[PROBLEM]: Take the line that contains "5 x DR. Stähler Marder Stopp Spray, 400 ml" and each line after it to the end of the material below, and return them exactly, minus the pictures.

============

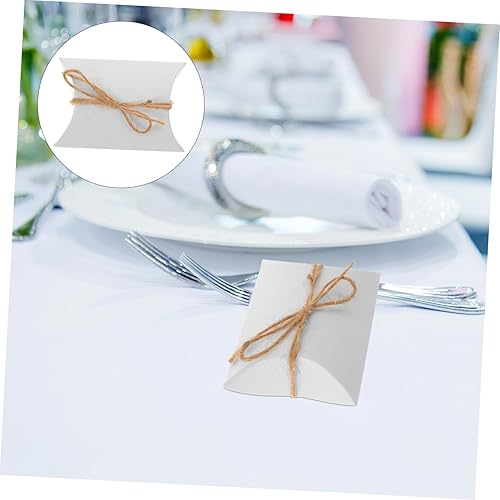 Vista 8 de SOLUSTRE 360 Pcs Kraft Pillow Party Favor Candy Bag Krafts Paper Candy Bag Cajas Para Regalos Gift Container Carton Tricolor White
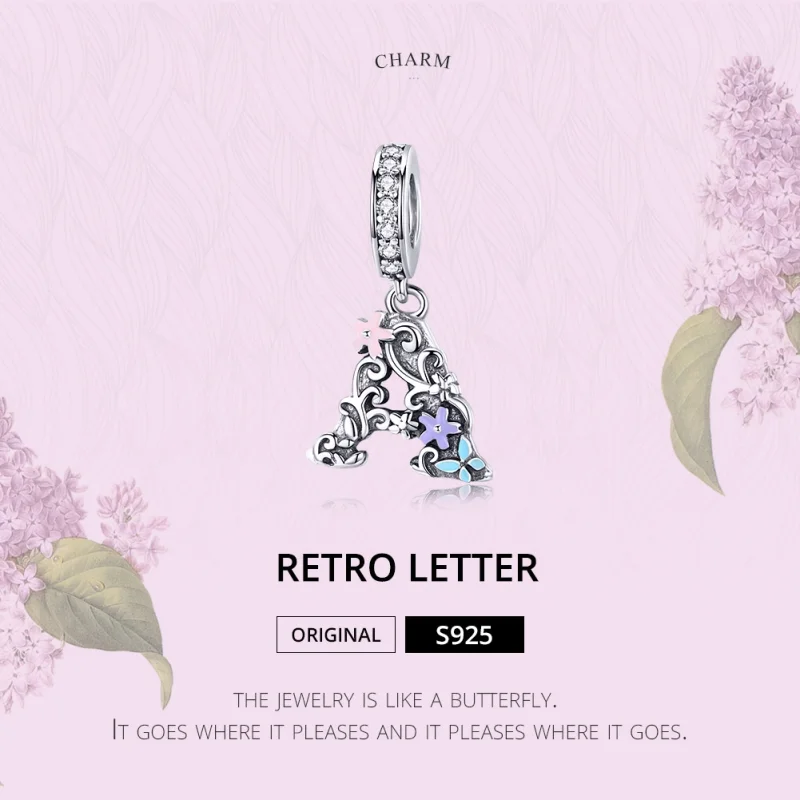 (image for) Pandora Style Silver Flower Letter A Dangle - SCC1273 - View 3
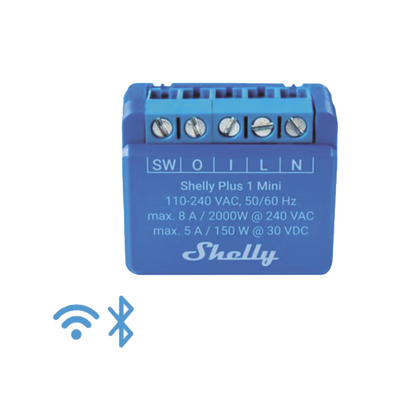 [224110] Mini Interruptor inteligente con Wi-Fi, contacto seco, 1 canal 8A, compatible con asistentes de voz Alexa y GoogleHome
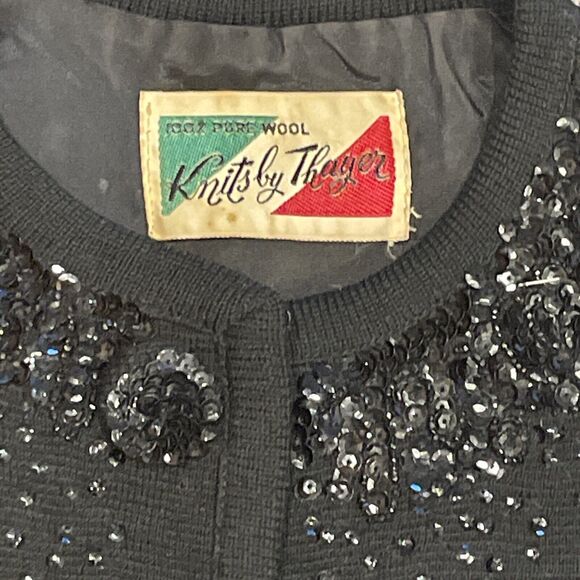 Women Cardigan 10 Holiday Party Layering Sequin Wool Retro Glam Statement - Picture 3 of 8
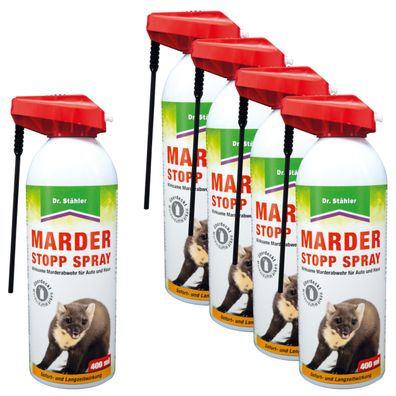 5 x DR. Stähler Marder Stopp Spray, 400 ml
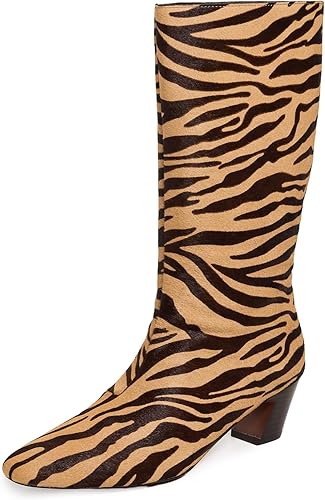 Loeffler Randall Women's Cleo Kicked Heel Calf Boots, Zebra, 9 Medium US
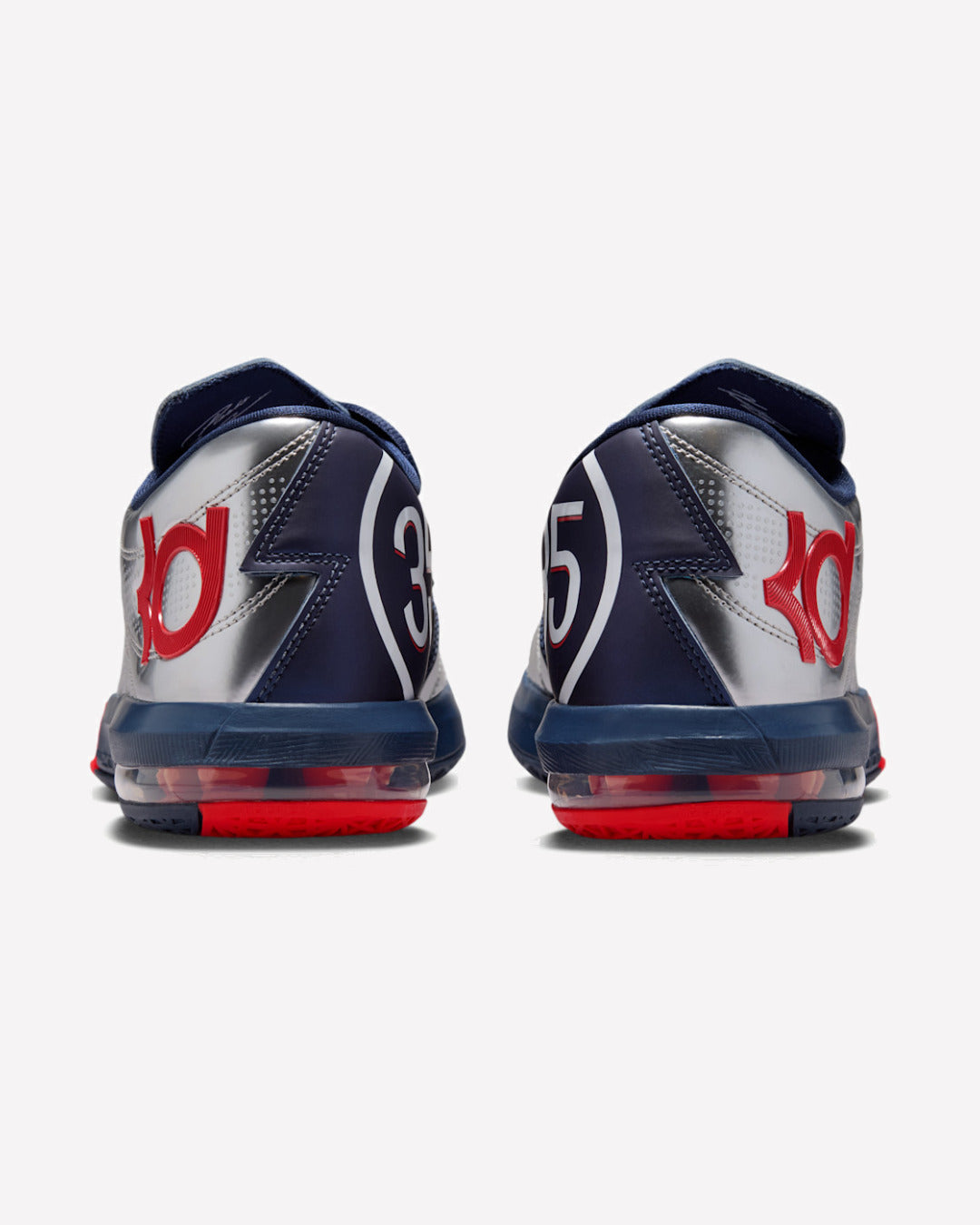 Nike KD 6 PSG Paris Saint-Germain Metallic Silver Navy — detalle del talón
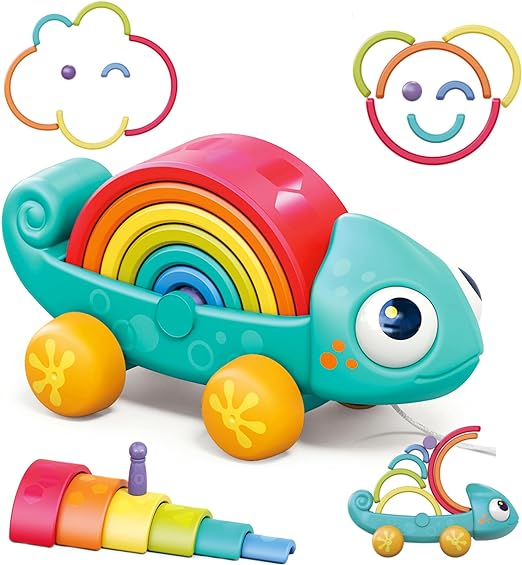 Photo 1 of ChoiQua Rainbow Stacking Toy 18 Months+, Fine Activity Toddler Toy, Ages 1-3, Montessori Learning Push and Pull Toy, Chameleon Boys Girls Kids Gifts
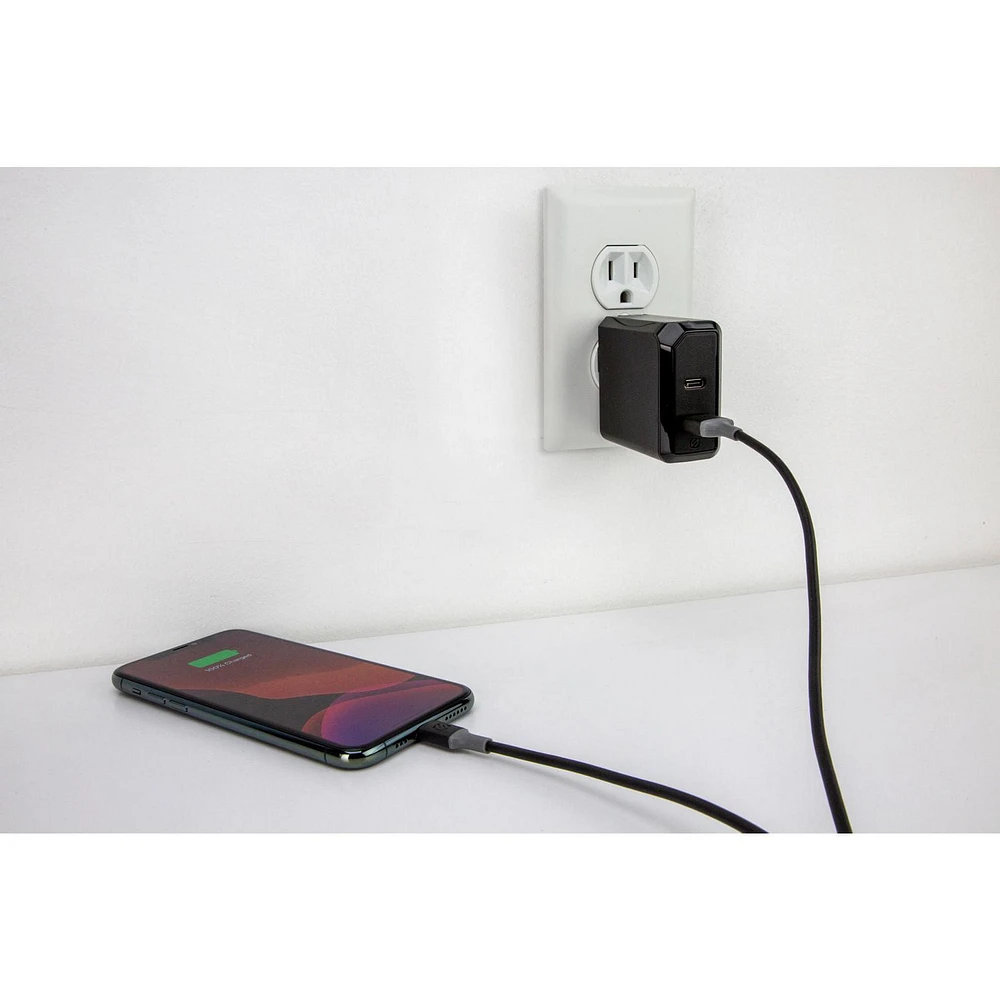 Scosche i34by-sp Strikeline MFi Certified Lightning Charge & Sync Cable 4-Foot, Fast charging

============

[ANSWER SPACE]:
 5 x DR. Stähler Marder Stopp Spray, 400 ml
 Loeffler Randall Women's Cleo Kicked Heel Calf Boots, Zebra, 9 Medium US
 Nike KD 6 PSG Paris Saint-Germain Metallic Silver Navy — detalle del talón
 Photo 1 of ChoiQua Rainbow Stacking Toy 18 Months+, Fine Activity Toddler Toy, Ages 1-3, Montessori Learning Push and Pull Toy, Chameleon Boys Girls Kids Gifts
 Scosche i34by-sp Strikeline MFi Certified Lightning Charge & Sync Cable 4-Foot, Fast charging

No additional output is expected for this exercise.